Overview
Understanding the fundamental building blocks that constitute the Axiomkit framework
Architecture Overview
Axiomkit is built on a foundation of core principles that enable autonomous agent behavior. Understanding these key concepts is essential for effectively creating and customizing intelligent agents.
Core Components
Axiomkit consists of several interconnected components that work together to create a powerful AI agent system:
🧠 Agent Runtime
The central orchestrator that manages the agent's lifecycle, coordinates between components, and handles the execution flow.
📦 Contexts
Isolated state containers that manage memory and behavior for specific domains or conversations. Each context maintains its own:
- Memory State: Persistent data storage
- Schema: Type-safe initialization parameters
- Rendering Logic: How the context presents itself to the LLM
⚡ Actions
Typed function interfaces that enable agents to interact with external systems. Actions provide:
- Type Safety: Zod schemas for parameter validation
- Error Handling: Built-in error management
- Logging: Automatic execution tracking
🧠 Memory System
A multi-layered memory architecture that provides:
- Working Memory: Short-term context for active conversations
- Episodic Memory: Long-term storage of experiences
- Vector Memory: Semantic search capabilities
- Graph Memory: Relationship-based knowledge storage
🔌 Providers
Pluggable modules that bundle related functionality:
- Platform Integrations: Discord, Telegram, CLI
- Database Connectors: MongoDB, Supabase
- Custom Providers: Domain-specific functionality
Context System
Contexts are the primary building blocks of Axiomkit agents. They provide isolated state management and behavior encapsulation:
import { context } from "@axiomkit/core";
import { z } from "zod";
const userContext = context({
// Unique identifier for this context type
type: "user-conversation",
// Schema for initialization parameters
schema: z.object({
userId: z.string(),
userName: z.string().optional(),
}),
// Generate unique key for context instances
key({ userId }) {
return `user:${userId}`;
},
// Initialize context memory state
create(state) {
return {
messages: [],
preferences: {},
lastActive: new Date(),
};
},
// Render context for LLM consumption
render({ memory, state }) {
return `
User: ${state.userName || state.userId}
Messages: ${memory.messages.length}
Last Active: ${memory.lastActive.toISOString()}
`;
},
});
Action System
Actions provide type-safe interfaces for external interactions:
import { action } from "@axiomkit/core";
import { z } from "zod";
const sendEmailAction = action({
name: "send-email",
description: "Send an email to a specified recipient",
// Parameter schema with validation
schema: z.object({
to: z.string().email(),
subject: z.string(),
body: z.string(),
}),
// Action handler with full context
async handler(args, ctx, agent) {
const { to, subject, body } = args;
// Access context memory
const userMemory = ctx.agentMemory;
// Execute the action
const result = await emailService.send({ to, subject, body });
// Update memory
userMemory.sentEmails.push({
to,
subject,
timestamp: new Date(),
});
return {
success: true,
messageId: result.id,
};
},
});
Memory Architecture
The memory system provides multiple layers of storage and retrieval:
Working Memory
Short-term storage for active conversations and immediate context.
Episodic Memory
Long-term storage of conversations, experiences, and events with temporal organization.
Vector Memory
Semantic storage enabling similarity-based retrieval and search.
Graph Memory
Relationship-based storage for complex knowledge graphs and connections.

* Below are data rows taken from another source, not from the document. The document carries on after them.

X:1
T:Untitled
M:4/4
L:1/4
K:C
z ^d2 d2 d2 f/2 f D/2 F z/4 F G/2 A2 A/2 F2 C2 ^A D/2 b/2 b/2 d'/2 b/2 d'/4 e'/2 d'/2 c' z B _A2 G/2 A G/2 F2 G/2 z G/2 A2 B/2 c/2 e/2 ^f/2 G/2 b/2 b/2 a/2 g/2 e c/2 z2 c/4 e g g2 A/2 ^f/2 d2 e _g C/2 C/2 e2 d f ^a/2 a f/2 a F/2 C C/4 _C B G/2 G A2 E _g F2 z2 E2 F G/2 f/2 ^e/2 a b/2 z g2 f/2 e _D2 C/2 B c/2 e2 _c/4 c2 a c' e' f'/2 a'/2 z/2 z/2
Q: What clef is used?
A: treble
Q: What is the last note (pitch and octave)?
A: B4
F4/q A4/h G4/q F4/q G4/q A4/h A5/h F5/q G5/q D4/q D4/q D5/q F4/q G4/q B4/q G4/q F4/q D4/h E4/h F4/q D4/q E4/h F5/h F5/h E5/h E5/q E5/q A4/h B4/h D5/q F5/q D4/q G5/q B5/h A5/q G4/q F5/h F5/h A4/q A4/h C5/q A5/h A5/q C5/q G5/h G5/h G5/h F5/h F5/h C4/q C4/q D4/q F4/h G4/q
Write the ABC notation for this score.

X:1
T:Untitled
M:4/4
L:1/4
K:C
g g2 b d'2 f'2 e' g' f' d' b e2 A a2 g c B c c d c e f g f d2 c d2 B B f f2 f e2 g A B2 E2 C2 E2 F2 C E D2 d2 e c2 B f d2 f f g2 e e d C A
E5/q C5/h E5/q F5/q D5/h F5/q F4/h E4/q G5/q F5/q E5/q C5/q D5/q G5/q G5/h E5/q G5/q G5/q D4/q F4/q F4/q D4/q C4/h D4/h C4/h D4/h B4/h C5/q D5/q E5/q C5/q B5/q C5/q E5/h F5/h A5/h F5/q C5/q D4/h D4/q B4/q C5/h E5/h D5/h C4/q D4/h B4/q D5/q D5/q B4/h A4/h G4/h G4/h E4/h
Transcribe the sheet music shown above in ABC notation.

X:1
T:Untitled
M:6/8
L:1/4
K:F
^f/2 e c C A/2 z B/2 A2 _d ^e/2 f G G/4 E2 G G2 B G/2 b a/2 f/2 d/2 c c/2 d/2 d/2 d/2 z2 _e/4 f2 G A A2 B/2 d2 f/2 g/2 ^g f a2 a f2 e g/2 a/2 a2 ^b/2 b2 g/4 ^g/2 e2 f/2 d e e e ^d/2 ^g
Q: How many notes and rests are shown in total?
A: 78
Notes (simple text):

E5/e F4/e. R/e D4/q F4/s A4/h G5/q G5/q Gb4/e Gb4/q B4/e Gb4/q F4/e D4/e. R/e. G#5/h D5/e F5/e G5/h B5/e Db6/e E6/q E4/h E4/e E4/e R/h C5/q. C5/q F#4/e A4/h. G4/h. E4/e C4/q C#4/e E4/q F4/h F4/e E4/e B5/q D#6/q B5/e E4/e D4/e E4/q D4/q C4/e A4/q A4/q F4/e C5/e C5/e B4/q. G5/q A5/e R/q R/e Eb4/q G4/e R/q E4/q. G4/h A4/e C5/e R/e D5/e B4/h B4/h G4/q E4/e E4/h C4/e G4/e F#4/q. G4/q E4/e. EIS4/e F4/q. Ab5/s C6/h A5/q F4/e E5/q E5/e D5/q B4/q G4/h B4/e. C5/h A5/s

import { MemorySystem } from "@axiomkit/core";
const memory = new MemorySystem({
providers: {
episodic: new EpisodicMemoryProvider(),
vector: new VectorMemoryProvider(),
graph: new GraphMemoryProvider(),
},
});
Provider System
Providers bundle related functionality into reusable modules:
import { provider } from "@axiomkit/core";
import { discordContext } from "./discord-context";
import { discordActions } from "./discord-actions";
export const discordProvider = provider({
name: "discord",
contexts: {
discord: discordContext,
},
actions: discordActions,
services: [discordService],
});
Execution Flow
- Initialization: Agent loads contexts, actions, and providers
- Input Processing: External events trigger context activation
- Memory Retrieval: Relevant memories are loaded into working memory
- Reasoning: LLM analyzes context and decides on actions
- Action Execution: Selected actions are executed with proper error handling
- Memory Update: Results are stored in appropriate memory layers
- Output Generation: Responses are formatted and sent to output channels
Scalability Considerations
- Context Isolation: Each context operates independently
- Memory Optimization: Automatic memory cleanup and summarization
- Provider Loading: Lazy loading of Providers as needed
- Error Recovery: Graceful handling of failures and retries
- Performance Monitoring: Built-in metrics and logging
This architecture provides a solid foundation for building complex, production-ready AI agents while maintaining simplicity and developer productivity.